SCALE is a toolkit that enables CUDA applications to be natively compiled for AMD GPUs. As SCALE reaches maturity, the number of projects that work with it steadily increases. Today we will look at the experience of using SCALE to build and run an existing CUDA-enabled project called GOMC.

You can read more about SCALE in the official documentation or in the form of a blog post: Unpacking SCALE. However, reading those pages is not necessary for understanding this post.

What is GOMC?

GOMC is short for GPU-Optimized Monte Carlo. This open-source software allows simulating molecular systems using statistical methods. It can run on CPUs using OpenMP and on NVIDIA GPUs using NVIDIA CUDA. You can find more information about GOMC on its official website.

This software is optimised for running on the GPUs, but as it uses NVIDIA CUDA, by design, it cannot be used with GPUs from other vendors. As such, GOMC is a perfect candidate for using SCALE that removes that artificial barrier.

Installing SCALE

Before we can move on to GOMC, we need to install SCALE. I will use SCALE Free Edition version 1.3.1, which is the most recent version at the moment of writing.

My GPU is AMD Radeon RX 7700 XT 12GB GDDR6, its Instruction Set Architecture (ISA) is gfx1101. If you want to replicate my results, please make sure that your GPU is on the list of GPUs supported by SCALE 1.3.1.

You can find the table of ISA names in AMD docs on GPU specs. Look for the column "LLVM target name", even though these identifiers are not specific to LLVM. SCALE also includes a way to determine your GPU ISA once you install it:

scale-free-1.3.1-Linux/bin/scaleinfo | grep gfx

Remember: academic/research licenses are avaliable, and even if your GPU is not on the list, or is only supported by the Enterprise Edition, get in touch, and we will try to help you.

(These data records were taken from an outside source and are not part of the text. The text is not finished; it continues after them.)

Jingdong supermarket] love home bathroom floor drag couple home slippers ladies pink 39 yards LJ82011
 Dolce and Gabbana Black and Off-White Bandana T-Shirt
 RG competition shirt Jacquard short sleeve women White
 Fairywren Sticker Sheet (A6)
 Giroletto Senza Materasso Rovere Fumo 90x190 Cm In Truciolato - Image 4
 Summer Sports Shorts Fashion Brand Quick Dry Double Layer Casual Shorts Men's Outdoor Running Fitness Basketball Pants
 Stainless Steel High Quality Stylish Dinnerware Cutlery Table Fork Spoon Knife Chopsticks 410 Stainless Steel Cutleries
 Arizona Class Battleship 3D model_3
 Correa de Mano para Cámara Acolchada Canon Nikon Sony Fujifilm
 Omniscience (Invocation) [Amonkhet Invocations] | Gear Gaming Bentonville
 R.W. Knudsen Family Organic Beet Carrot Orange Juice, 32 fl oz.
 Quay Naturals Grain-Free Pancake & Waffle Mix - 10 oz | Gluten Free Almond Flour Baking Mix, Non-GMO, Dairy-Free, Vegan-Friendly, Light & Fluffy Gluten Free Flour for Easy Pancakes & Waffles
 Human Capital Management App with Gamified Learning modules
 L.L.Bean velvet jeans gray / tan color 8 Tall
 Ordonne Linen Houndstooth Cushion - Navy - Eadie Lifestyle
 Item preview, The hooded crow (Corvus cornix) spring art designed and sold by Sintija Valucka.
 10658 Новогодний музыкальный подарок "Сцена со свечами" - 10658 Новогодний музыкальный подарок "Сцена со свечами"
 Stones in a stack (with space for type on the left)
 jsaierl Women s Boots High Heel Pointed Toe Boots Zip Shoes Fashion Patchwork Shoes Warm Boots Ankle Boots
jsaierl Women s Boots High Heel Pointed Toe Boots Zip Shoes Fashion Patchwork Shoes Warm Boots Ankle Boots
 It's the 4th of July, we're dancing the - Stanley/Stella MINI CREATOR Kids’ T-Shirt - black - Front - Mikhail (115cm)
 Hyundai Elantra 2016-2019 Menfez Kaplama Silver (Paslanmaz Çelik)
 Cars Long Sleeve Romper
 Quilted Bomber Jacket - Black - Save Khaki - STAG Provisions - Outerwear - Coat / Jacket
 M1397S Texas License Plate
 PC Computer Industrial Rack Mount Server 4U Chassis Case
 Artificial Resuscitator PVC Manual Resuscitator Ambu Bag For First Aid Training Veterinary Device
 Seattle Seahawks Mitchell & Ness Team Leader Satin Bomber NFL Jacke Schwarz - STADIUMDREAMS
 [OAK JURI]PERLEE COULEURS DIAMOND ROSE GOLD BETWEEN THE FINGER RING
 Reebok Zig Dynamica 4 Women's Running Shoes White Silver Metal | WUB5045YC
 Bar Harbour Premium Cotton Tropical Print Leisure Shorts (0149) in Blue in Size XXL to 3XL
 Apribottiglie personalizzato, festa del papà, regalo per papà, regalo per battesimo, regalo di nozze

SCALE can be installed by following the official instructions: Install SCALE 1.3.1. I am using neither Ubuntu, nor Rocky Linux, so I will follow installation instructions for "Other Distros":

# Download the tarball
wget https://pkgs.scale-lang.com/tar/scale-free-1.3.1-amd64.tar.xz

# Extract it into the current directory
tar xf scale-free-1.3.1-amd64.tar.xz

A scale-free-1.3.1-Linux directory will appear. This marks the end of SCALE installation process.

Buliding GOMC with SCALE

The GOMC build process described here is based on SCALE's validation scripts. You can learn more about them in their repository: spectral-compute/scale-validation. We also mentioned them in the post about GROMACS. You can find the GOMC validation script I used as a reference here: scale-validation/gomc @ dc1f32c.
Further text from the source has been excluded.